Mi cabeza iba a estallar, quería salir de ahí pronto, así que no dije nada, no planeaba discutir, aunque me enfureciera la incompetencia. Sin dejar de mirarla saqué mi billetera para entregarle mi identificación.
—Tiene un valor adicional —dijo y bajó la mirada, como si hubiera cometido alguna falta. Miré por unos instantes mi billetera, ahí estaba lo que más despreciaba en la vida, la representación de mi padre: su dinero, no lo dudé mucho, lo mínimo que podía hacer era pagar. Sobre mi identificación dejé la tarjeta amparada que me había dado cuando cumplí la mayoría de edad, la señora la tomó nerviosa y sin mirarme comenzó a teclear algo con prisa mientras hacía tanto ruido como le era posible
Cuarenta y ocho minutos después parte de la pesadilla había terminado, ya estaba sentada en el avión, no era la gran cosa, pero era mejor que tres horas sentada en una sala de espera sin nada que hacer más que odiarme a mí misma. No era algo que me gustara, pero ya no había nada que pudiera hacer, la oportunidad de huir ya había pasado, así que debía dejar de quejarme. Me recosté en el asiento mientras sacaba mi teléfono que había vibrado una y otra vez desde que salí del baño, en cuanto lo desbloqueé me encontré con diecisiete mensajes nuevos, tres de ellos eran de mi mejor amiga Julieth que me mandaba una y otra vez emojis enfermos y con náuseas.
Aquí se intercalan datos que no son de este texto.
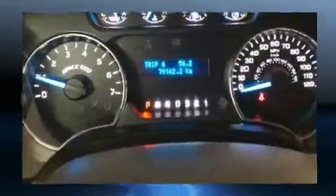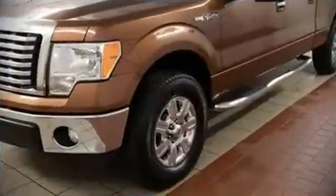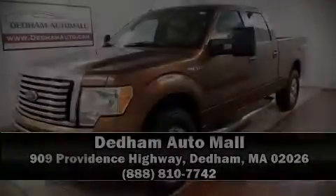It also arrives with a Carfax history report, providing you peace of mind with detailed information. Please don't hesitate to give us a call. Thank you very much!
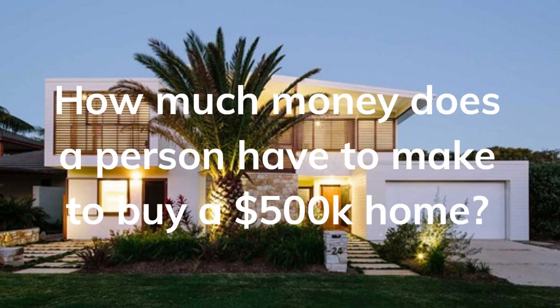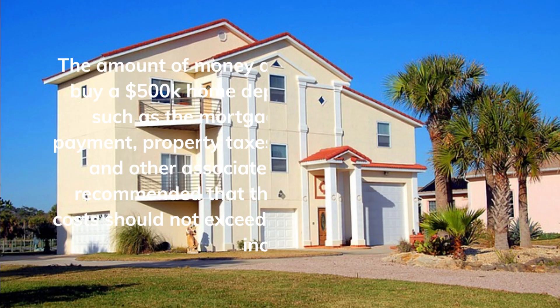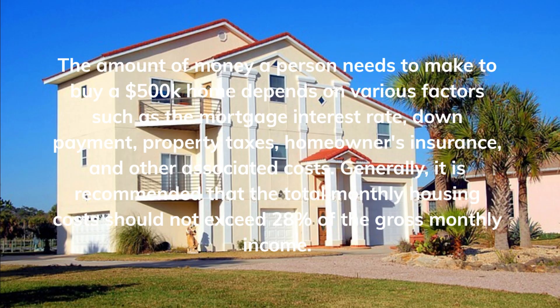How much money does a person have to make to buy a $500,000 home? The amount of money a person needs to make depends on various factors such as the mortgage interest rate, down payment, property taxes, homeowner's insurance, and other associated costs.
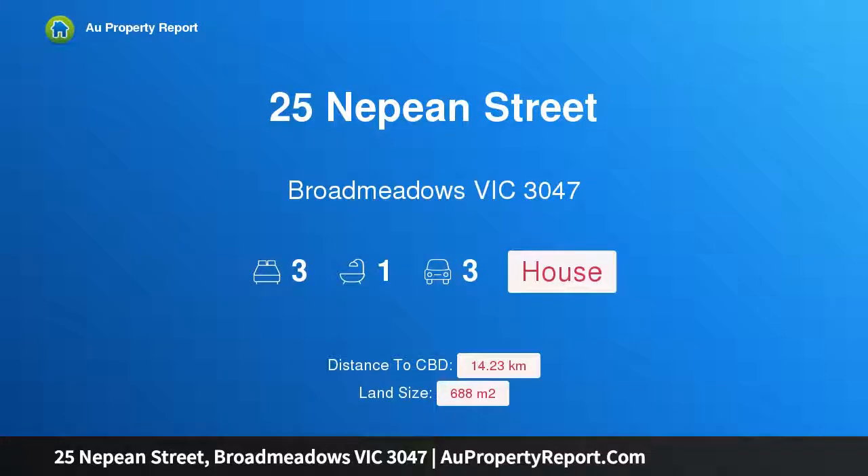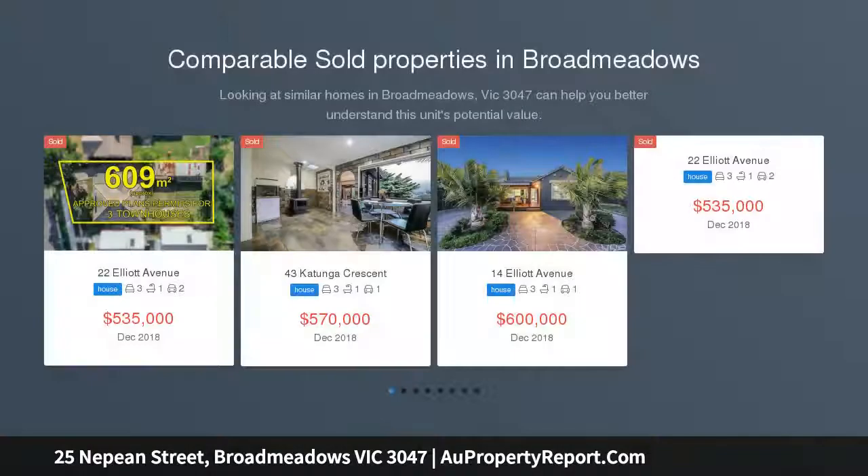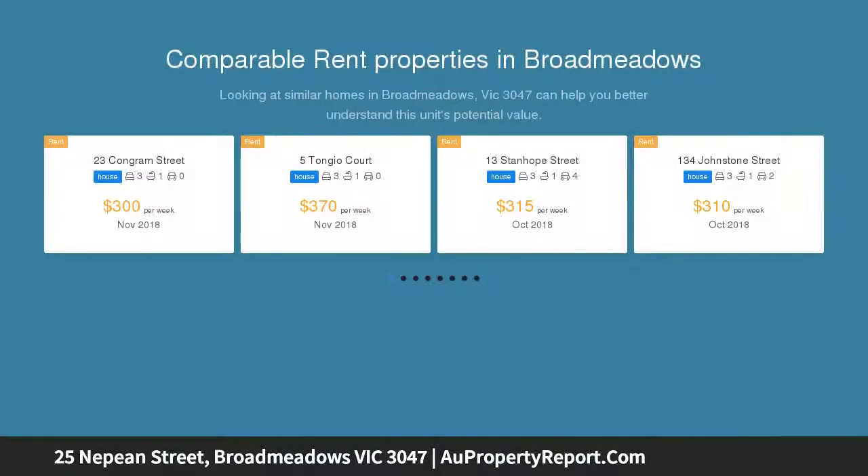I am glad to introduce property 25 Nepean Street, Broadmeadows, Victoria 3047 — a corner allotment sitting on 688 square meters in a fantastic location. Ideal for a potential multi-unit site STCA, and located across the road from Olson Place Shopping Center, with walking distance to local schools and public transport.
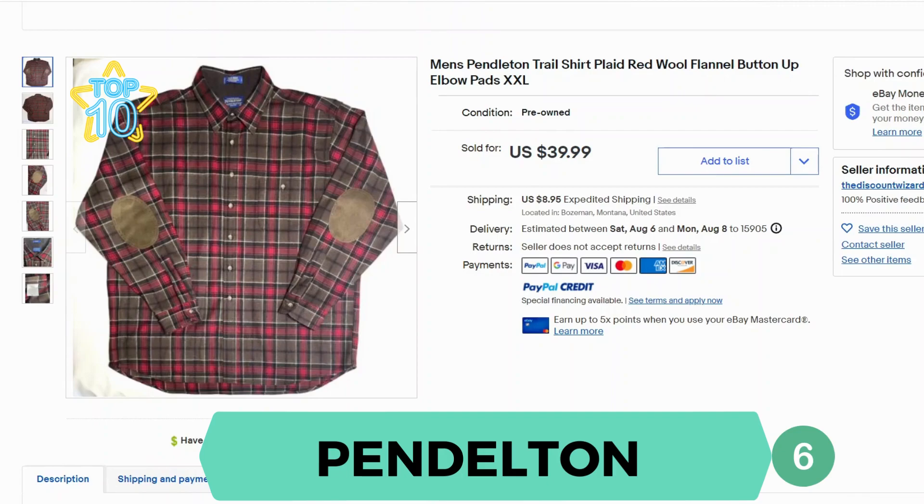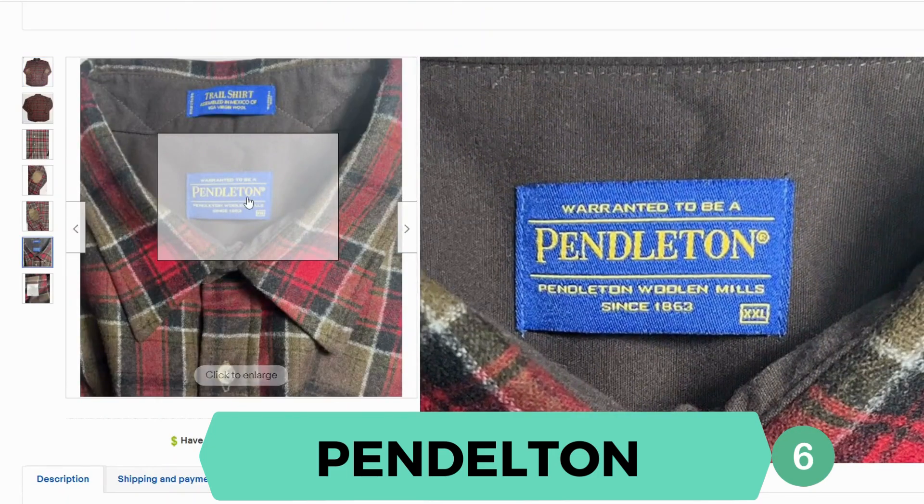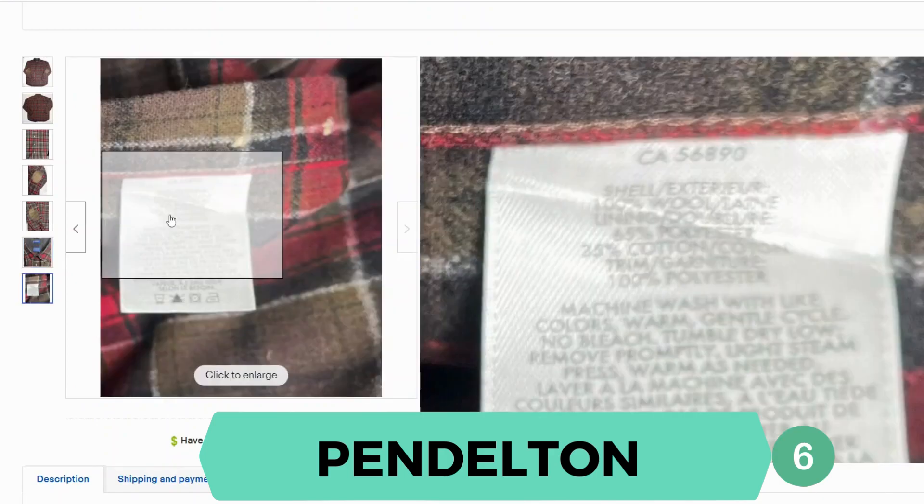Now we have Pendleton. This is a flannel button-up shirt. This one sold for $39.99 and $8.95 shipping. Here's the Pendleton label — sometimes it's a different color but it's always going to be in this font. Material is 100% wool for the shell, and the lining was polyester and cotton.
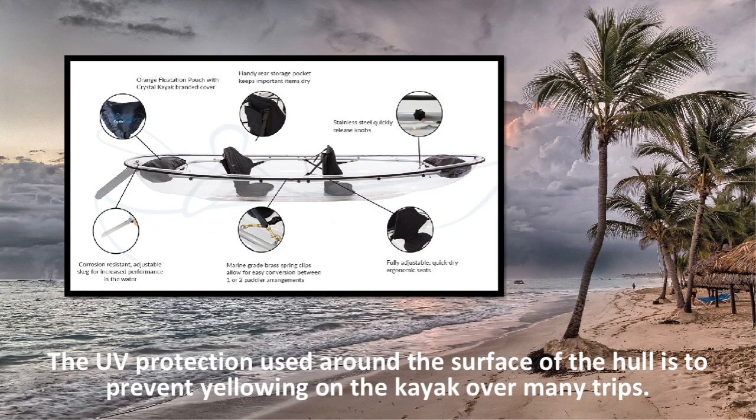The UV protection used around the surface of the hull is to prevent yellowing on the kayak over many trips. This is a major plus because you want your kayak to be as transparent as possible to consistently see clearly through the water over multiple trips.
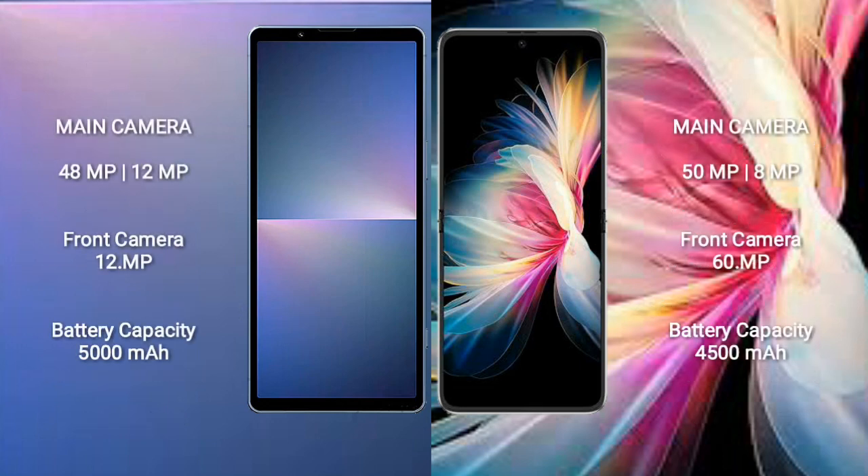The Sony Xperia 5 Mark 5 features a rear dual-camera setup of 12MP plus 12MP and a front camera of 12MP. The Huawei P50 Pocket features a rear triple-camera setup of 13MP, 40MP, and 13MP, along with a front camera of 10.7MP.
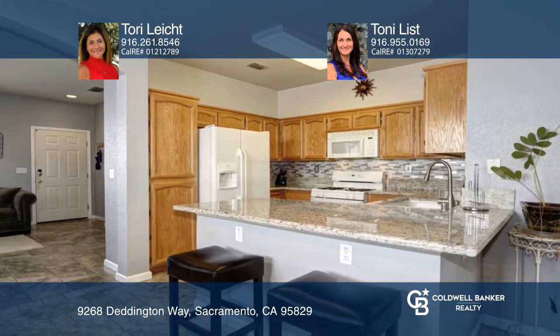Take a look at this beautiful well-maintained home featuring a nice front porch, separate living and family room, tile flooring, granite countertops in the kitchen, and a covered exterior patio.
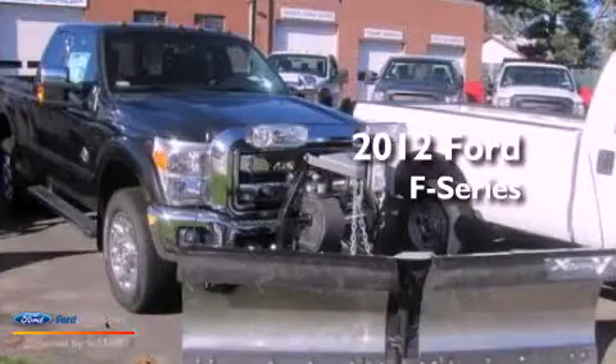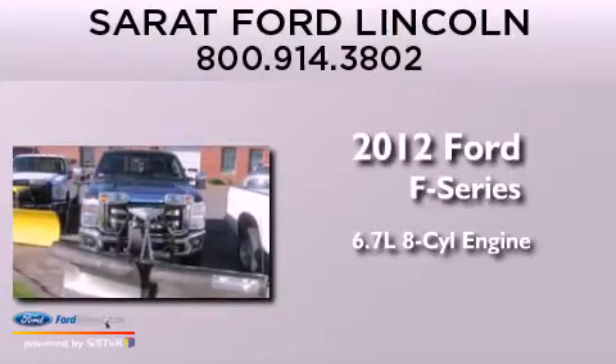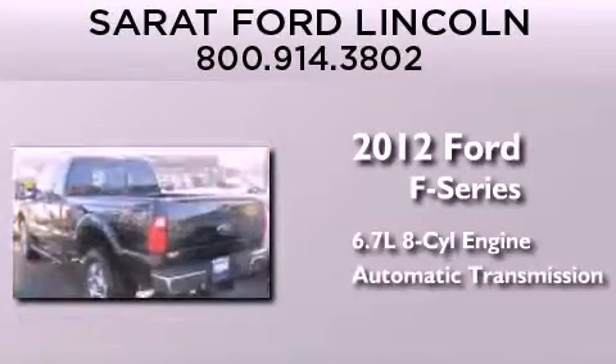This is a brand new 2012 Ford F-Series. It has a 6.7-liter, eight-cylinder engine and an automatic transmission.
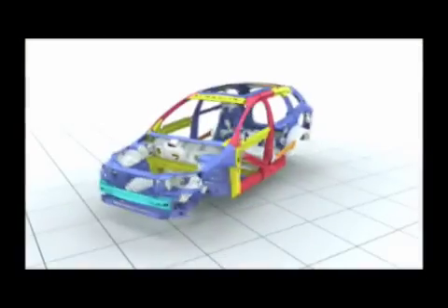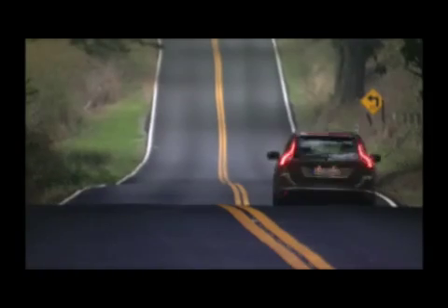Furthermore, the strong safety cage helps provide the occupants with optimum protection in the event of an accident.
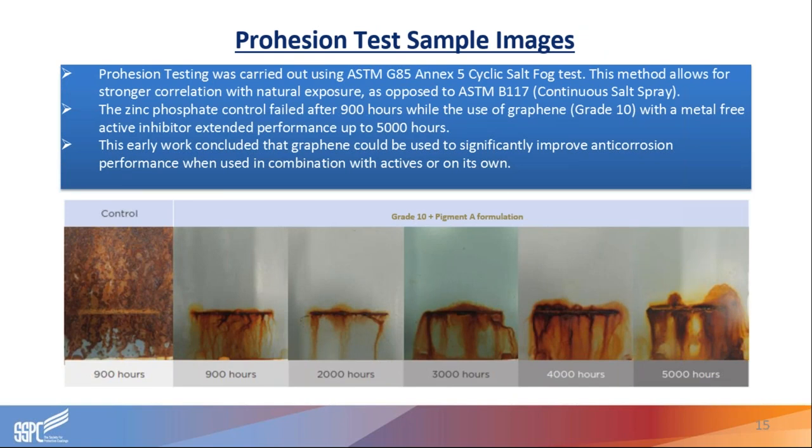Moving on to the prohesion cyclic salt fog test, we found really good improvement in performance. Our control was a zinc phosphate-based epoxy prototype system. We then took out the zinc phosphate and used a combination of Grade 10 with Pigment A, which is a non-metallic anti-corrosion inhibitor. Using that hybrid system, we were able to extend performance from 900 hours with a zinc phosphate-based system to 5,000 hours using our hybrid system — a combination of Grade 10 and Pigment A formulation. This early work concluded that graphene could be used to significantly improve anti-corrosion performance when combined with active inhibitors or on its own.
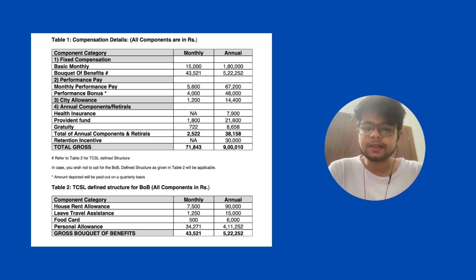The second point is the performance pay. The monthly performance pay is 5,600, which is actually fixed. The performance bonus of 4,000 rupees — these are all nearly fixed and will be paid out quarterly. It is calculated monthly but paid out quarterly.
Sabía qué estaba intentando animarme y lo consiguió, por otro lado, tenía catorce mensajes de mi padre que no iba a revisar, no planeaba arruinar los instantes que me quedaban sin tener que soportarlo. Sin abrir los mensajes de Julieth, puse el teléfono en modo avión y lo dejé caer sobre la mesita plegable que tenía frente a mí.
No podía evitar molestarme por cada cosa que estaba pasando, sabía que la voluntad de mi abuelo, que no había sido ni grato ni relevante en vida, le había sentado muy bien a todos: a mi abuela que se quería deshacer de mí, a mi padre que le hacía falta volver la vida de alguien miserable y yo que había sido la desafortunada de ser ese alguien que moría de ansias de perder la cordura frente a las decisiones que habían tomado todos por mí. Me moví en la silla incomoda, me desesperaba un poco la idea de pasar tanto tiempo encerrada en un pájaro gigante de metal y no se trataba de un miedo irracional por caer desde una gran y mortal altura, en realidad, eso no parecía una mala opción en ese momento, era una incomodidad por no tener el control de la situación en específico, lo único que podía tranquilizarme era que yo pudiera volar por mi cuenta, pero como eso no era posible debía resignarme; al menos logré dormir.